The Los Angeles City Council voted unanimously last week to declare a “fiscal emergency,” thereby initiating sweeping austerity measures to close a projected $1 billion deficit in the upcoming fiscal year. The vote is aimed at preparing budget cuts, hiring freezes, and large-scale layoffs of city workers across multiple departments.
What is unfolding in Los Angeles is part of a nationwide wave of fiscal crises in major cities. In Philadelphia, 9,000 municipal workers are on strike in a city where the school district has a $300 million deficit, and the transit system is preparing “doomsday” cuts. The New York Metropolitan Transit Authority is billions of dollars in the red. Chicago is preparing similar “doomsday” transit cuts in addition to education cuts.
In LA, mayor Karen Bass has proposed eliminating as many as 1,600 city positions. The resolution passed by the City Council specifically places 614 layoffs on the table, including dozens of workers in the Fire Department, Sanitation, LAPD civilian staff, Information Technology and other areas. While some impacted employees may be shifted to enterprise-funded departments like the Port and Airports, many face the prospect of job losses.
The “fiscal emergency” resolution was passed 14–0, including the support of all four council members affiliated with the Democratic Socialists of America (DSA): Nithya Raman, Eunisses Hernandez, Hugo Soto-Martinez and Ysabel Jurado. City Controller Kenneth Mejia, also backed by the DSA, has cited overspending, liability payouts, and even the cost of recent labor agreements as key drivers of the deficit—signaling that city workers’ wages and benefits are being targeted for rollback.
Bass’s $47.9 billion budget proposal for 2024–25 represents a $2 billion increase from the previous year, however, this growth masks previous major reductions in public services and employee compensation.
This includes a $17.6 million reduction to the Fire Department last year—$7 million of which came from overtime. This cut weakened aerial firefighting capacity and disaster response in the lead-up to the destructive wildfires that swept through Southern California in January. Fire Chief Kristin Crowley, who warned that the cuts endangered public safety, was removed by Bass in February.
Los Angeles is home to 56 billionaires with a combined net worth of over $240 billion. Yet city officials, both Democrat and DSA-aligned, insist that there is “no alternative” but to slash jobs and services. Their real concern is maintaining the city’s credit rating and securing the confidence of the financial markets.
The planned cuts throw into sharp relief the Democratic Party’s response to Trump’s deployment of the military to the city to suppress immigration protests, a move which millions protested in last month’s “No Kings” protests. Bass and California’s Democratic governor Gavin Newsom opposed the move, not because it is part of Trump’s plans to build a dictatorship, but on the grounds that local riot cops were enough to quell the protests.
This position, coupled with their near-absence from the mass protests against Trump, flows from their mutual hostility to the working class. The Democrats are just as much a party of war and inequality as Trump and the Republicans.
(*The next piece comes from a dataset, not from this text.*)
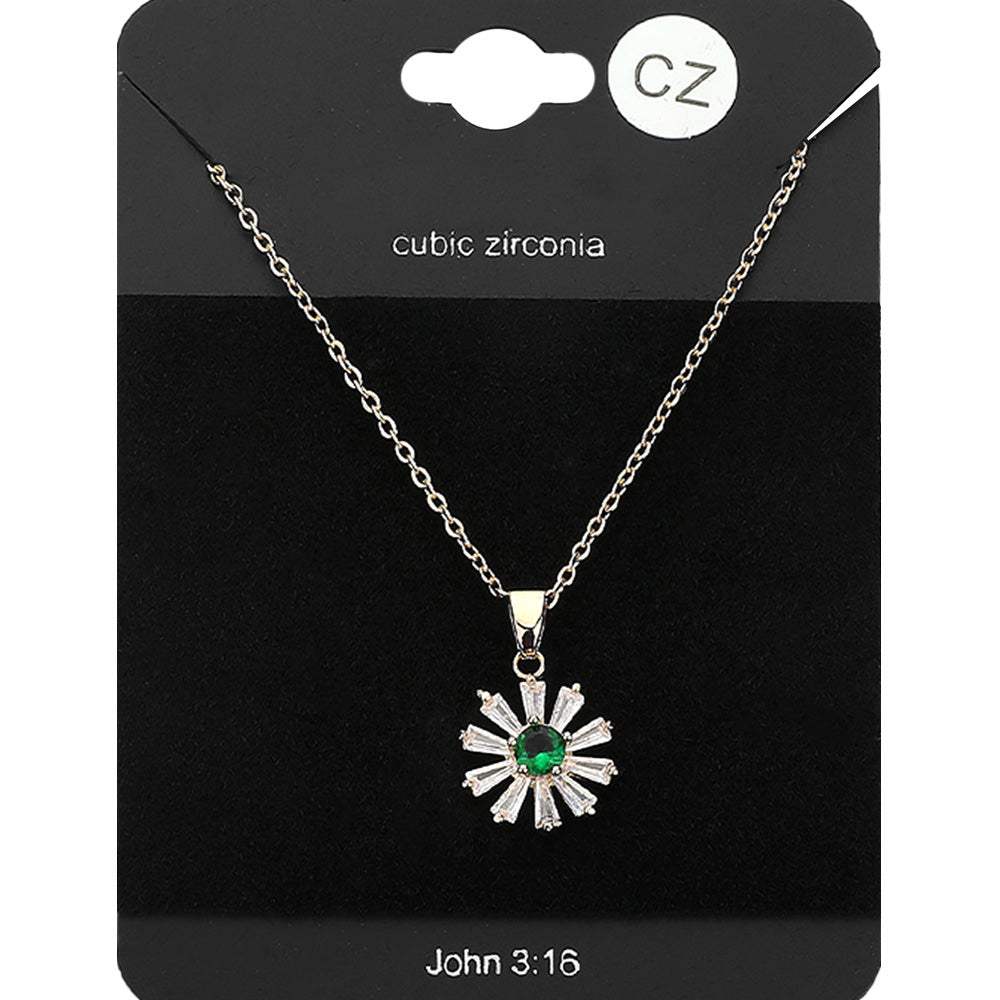 CZ Flower Stone Pendant Necklace - Madeline Love - Flyclothing LLC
The social resources from these cuts are being redirected upward through massive tax cuts for the rich—including over $3 trillion in the budget passed Thursday in Congress—alongside record military budgets for war against Russia, Iran, China and others.
Union officials have responded with hypocritical words. David Green, president of SEIU Local 721, which represents many city employees, issued a statement opposing layoffs, declaring, “We’re not going to allow out-of-touch bureaucrats to balance the budget on the backs of city workers … Even one layoff is too many.”
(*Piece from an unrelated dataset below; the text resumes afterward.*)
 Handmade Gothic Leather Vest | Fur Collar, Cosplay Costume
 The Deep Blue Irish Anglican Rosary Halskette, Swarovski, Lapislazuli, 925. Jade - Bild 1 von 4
But the union played a direct role in paving the way for these cuts. Just weeks ago, the SEIU announced a tentative agreement for 55,000 workers at the county level that failed to meet workers’ demands, after shutting down a limited two-day strike in April without any resolution. At no point did the union warn workers that layoffs were being planned. The contract’s real purpose was to impose “labor peace,” thereby giving the city breathing room while it prepared its austerity offensive.
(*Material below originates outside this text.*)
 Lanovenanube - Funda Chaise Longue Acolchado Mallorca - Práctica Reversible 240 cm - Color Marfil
The class character of this agreement was made even clearer by comments from Los Angeles County Chief Executive Fesia Davenport, who warned that the deal would require “belt tightening” across departments. In other words, the cost of the contract would be borne not by the region’s corporate elite, but by working people—through job cuts, service reductions, and further erosion of public infrastructure.
This is a repeat of what happened earlier this year in Chicago. There, the Chicago Teachers Union pushed through a concessionary contract, only for the school district to turn around and, citing a budget crisis, threaten to tear even this up. Significantly, the DSA is in control of both the CTU and the mayor’s office.
The role of the DSA in Los Angeles and other cities is to provide a left cover for this agenda. While claiming to speak for workers, its officials in government not only rubber-stamp budgets, but actively organize and help carry out layoffs. Their actions show that they are not an alternative to the Democratic Party, but, instead, provide an important service for the party by capturing and demobilizing left-moving social opposition.
Workers cannot defend their jobs, wages and services within these official channels. What is required is the building of independent rank-and-file committees, uniting workers across departments and industries, to prepare a real fight against the cuts—and against the entire political and economic system responsible for them.